Energy companies have reportedly withheld royalty payments.
A worrying trend has developed that casts a shadow over landowners’ agreements. Reports of underpaid or unpaid royalty checks have become more and more common, and have sparked legal action to reclaim money that landowners allege is being withheld in breach of contract, and often for questionable reasons. Energy companies have reportedly withheld royalty payments in full or in part citing production costs, ‘gathering’ costs (the process of mixing gas from various sources), and even the upkeep of interstate pipelines often miles from the landowner’s property. Royalty payments have also allegedly been withheld for gas used to power company machinery - as it was never technically sold, companies have claimed, there is no royalty payment to be made.
It’s not surprising that a number of lawsuits have now been filed.
A Virginia judge, U.S. District Court Judge James P. Jones, recently ruled against two separate energy companies, CNX Gas and EQT Production, that had asked for time to appeal their cases in the Fourth Circuit Court of Appeal. The companies were hoping to overturn several class action lawsuits filed against them by appealing to the higher court to stop the process. Judge Jones, however, was reluctant to pause the suits simply to wait to hear whether the appeals court would consider the cases.

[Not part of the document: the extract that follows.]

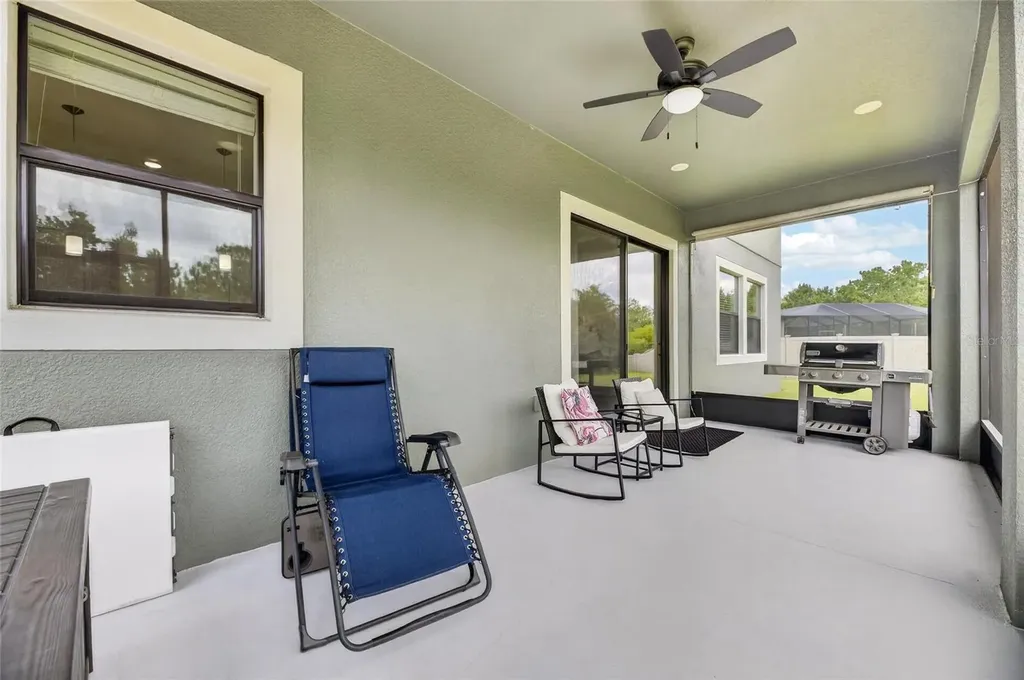 2905 Hilliard Drive Wesley Chapel FL 33543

The class action lawsuits were certified in September and cover potentially thousands of class members who claim they are owed more than $30 million in gas royalties by the companies. As part of the lawsuit, plaintiffs are also asking for a full audit of the companies’ accounts to determine the process used to calculate royalty payments.

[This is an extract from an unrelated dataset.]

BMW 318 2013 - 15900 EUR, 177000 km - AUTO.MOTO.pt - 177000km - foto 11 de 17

The certification was followed only days later by the request to overturn the certification, the Bristol News reports. The companies had asked Judge Jones to put the class actions on hold until the time of the court’s decision.
The lawsuits will now continue moving forward while the appeals court decides whether it will consider the suits. Landowners claim they were underpaid when post-production costs, including moving costs, were subtracted from royalty checks. The companies deny any wrongdoing.